Can you elaborate on why that is the bare minimum if this is going to ship anywhere?
It is not possible to write a compatible implementation if the respective order of operations is not specified normatively. The links above don't mandate any thread setup, they mandate a specific order in which thing need to appear to the user, using a thread setup to explain it.
Web Codecs uses various threads internally (and even hardware decoders and even other chips, or even networked attached stuff, it is irrelevant), but is specified in a certain way. Web Audio also offloads a bunch of stuff to other threads and even ping-pongs between threads in various scenario, but is specified using only a single thread as you see.
You might think that you can just describe things roughly, but that won't work, this has real-world consequences. Things need to be described in a way that more than one implementation can be written without looking at each other source code, and pass the same tests.
Things matter if they are observable, in which case they need to be specified.
So what you mean is ordering of operations and not a specific threading model. I agree with that. Looking forward to the specific ordering of operation bugs that we need to address in order for this to ship anywhere.
I still see no need for a threading model defining specific threads.

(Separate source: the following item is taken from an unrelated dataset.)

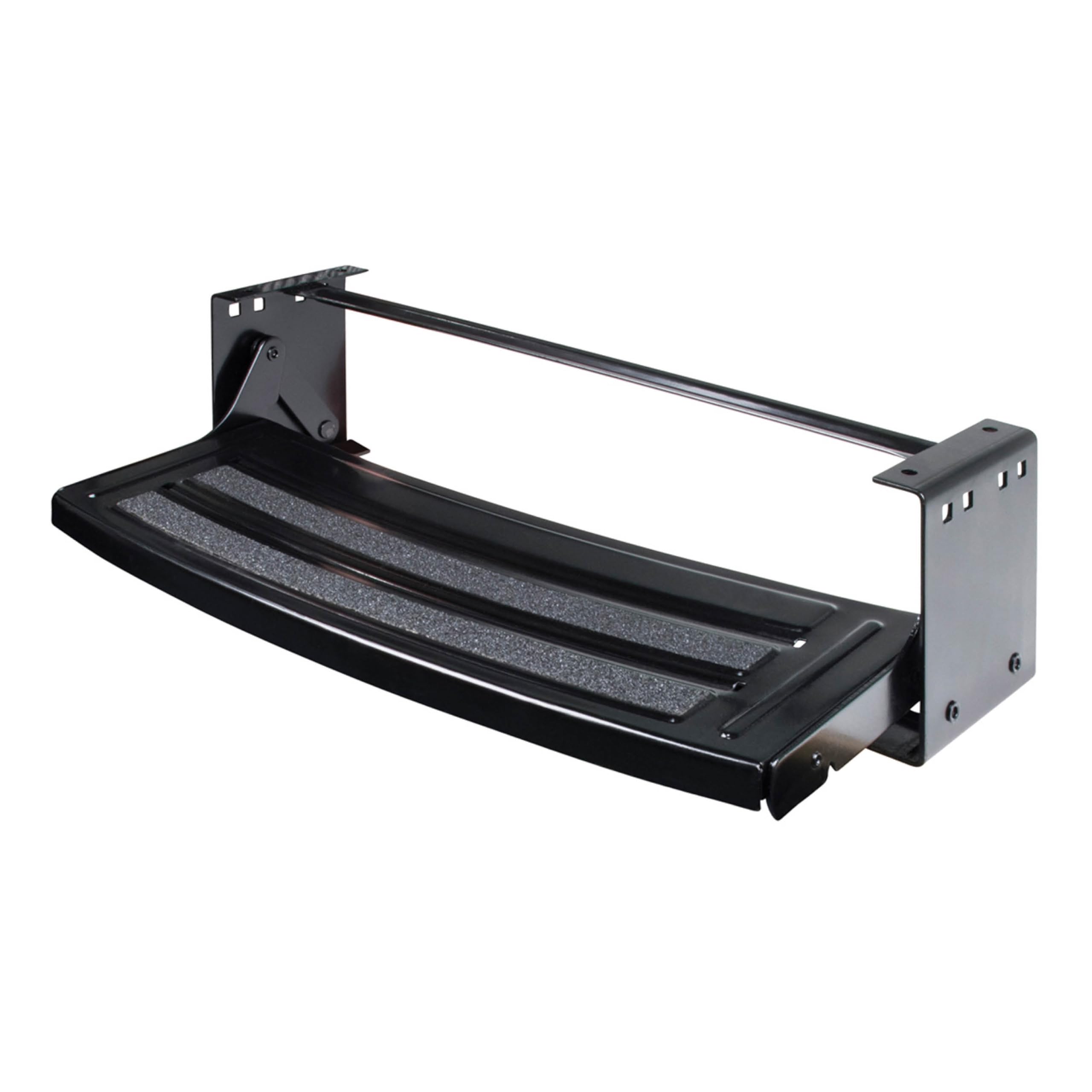 Photo 1 of **NO HARDWARE***Lippert Components Radius 24" Single Manual RV Step Assembly, 300 lbs. Anti-Slip Steps, Compact One-Hand Expand or Collapse, Black Powder Coat, Travel Trailers, 5th Wheels, Campers - 432678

The claim that we need a threading model because Web Audio and Web Codecs define one, or this can't ship anywhere is just a faulty generalization fallacy. There isn't a single MediaStreamTrack sink spec defines a threading model, and they all have shipped. The closest would be Web Audio, which does define a threading model, but it does not specify how the Web Audio MediaStreamTrack sinks (MediaStreamAudioSourceNode and MediaStreamAudioTrackSourceNode) and source (MediaStreamAudioDestinationNode) interact with it (at least not explicitly), much like a lot of the other observable behavior of those objects which is also not specified (yet it shipped!)
I guess we could put a note somewhere saying that the model is that all operations/algorithms must execute sequentially and that multithreaded implementations must be careful to ensure this property (e.g., to avoid races), but I don't see a strong need for it since that seems to be the default for a lot of specs and they usually don't have this kind of note.
For the reasons given above, I'm closing this bug. Now that the spec is using more specific algorithms to define behaviors, please file separate issues if you find ordering problems in them.
In particular, it is not clear how enqueuing of frames is actually happening. The frames are most probably generated in a media thread. But they are consumed in the ReadableStream thread. Spec should clarify how this actually happens. That will allow to understand where maxBufferSize checks happen and what is the impact of blocking the ReadableStream thread.